Black line represents ICan, red dotted line represents CNAmet. Horizontal axis is the false positive rate, the vertical axis is the true positive rate.
To more accurately predict the cancer-related genes in ovarian cancer, we used a weighted random walking method to calculate the proximity between other nodes and seed genes to determine correlations with oncogenes. This method is often referred to as the “guilt-by-direct-association” principle, by which the genes that are associated with disease genes tend to have similar functions. We randomly chose genes in ICan as seed genes, and compared them with the original results. This process was repeated 1000 times; an adjusted p-value below 0.05 was considered significant for cancer-related genes. On the other hand, we compared the difference in the degree and gene length between candidate genes and the other genes. Recent research has shown that a greater gene length often results in more domains in the translated proteins, thus leading to greater interactivity, which means a greater possibility of the gene being cancer gene. The results showed that not only were there significant differences in the gene length of candidate cancer-related genes compared with the other genes (p-value = 2.64E-02, Fig. 3, S6 Table), but also the results were similar in terms of gene degree (p-value = 6.176E-07).
In the Fig. 3(a), light green represents candidate genes, gray represents the other genes in ICan, and the vertical axis represents the degree of genes. In the Fig. 3(b), light green represents candidate genes, gray represents the other genes in ICan, and the vertical axis represents the length of genes.
Finally, we identified 155 candidate cancer-related genes (S7 Table), and analyzed the co-alteration events of these genes in detail. CHEK1, IGF1R and MSH3 were co-altered in common at all three levels; CHEK1, IGF1R, MSH3 and FANCA were co-altered at the copy number and expression levels; and CHEK1, FGF18, IGF1R, IGFBP1, IGFBP2, MSH3, PLAU, RAD51 and EIF2AK2 were co-altered at the level of DNA methylation and expression.

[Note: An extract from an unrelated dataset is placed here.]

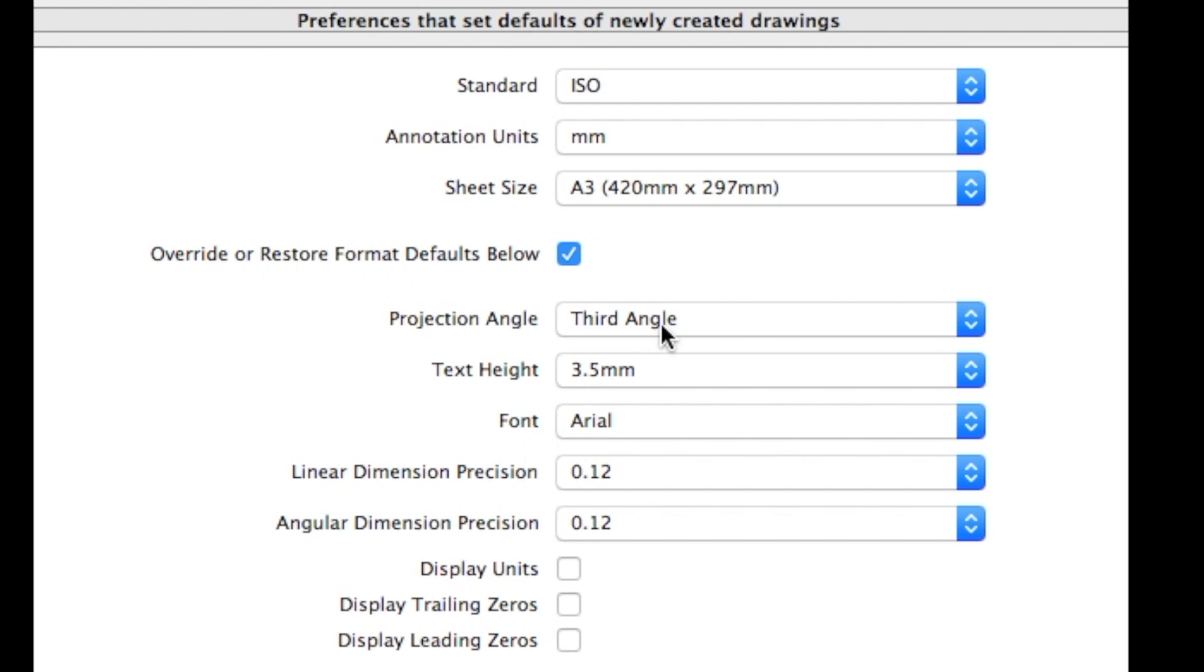Third angle is a type of orthographic drawing. If you want to look a little bit more into that, you can. I'll say a little bit more about that during the planning drawing video.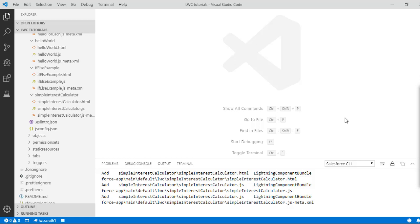Hello guys, welcome back. In this tutorial we are going to do another example. This example is basically going to calculate the area of rectangle, area of square, and area of a rhombus.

CHEK1, FANCA and RAD51 are involved in the inspection of breakpoints in the cell cycle regulation and repair process, and play important roles either in the p53 signaling pathway or the MAPK signaling pathway. The MAPK signaling pathway is an important cancer pathway; activation of this pathway can promote endothelial cell proliferation and angiogenesis. The newly generated blood vessels could provide more nutrients to tumor cells, accelerating tumor growth and promoting proliferation of cancer cells. MSH3 and IGF1R have important roles in DNA replication, recombination, and repair. Deficiency of mismatch repair, especially loss of expression of the seven main genes (MSH2, MSH3, MSH6, MLH1, MLH3, PMS1 and PMS2), can increase the risk of ovarian cancer.
In addition, we analyzed the differential proportion of the top 20% genes in ICan by random walking. Fig. 4 shows that the proportion of differential methylation was the highest in each bar among the top 100; however, only two genes have simultaneous differential changes on all three levels. The numbers of genes with only one type of alteration (CNA, differential methylation or differential expression) were 13, 19 and 18, respectively. We found that the number of genes that were differentially altered on multiple levels tended to stabilize after the top 600, which indicated that the probability of these genes is much higher, suggesting a closer relationship with known seed genes.
We selected TOP 20% gene in ICan by Random Walk, each bar represents the number of differential alteration genes. GE represents the genes that were only were differentially expressed in tumor samples, similarly, CN represents alteration of gene copy number; DM represents DNA methylation; GD represents gene expression and DNA methylation; GC represents gene expression and copy number; CD represents copy number and DNA methylation; GCD represents the genes altered in three features.
The alteration of a gene on a single level represented a copy number abnormality, differential expression or differential methylation, respectively (S3 Table, sheet 1–3).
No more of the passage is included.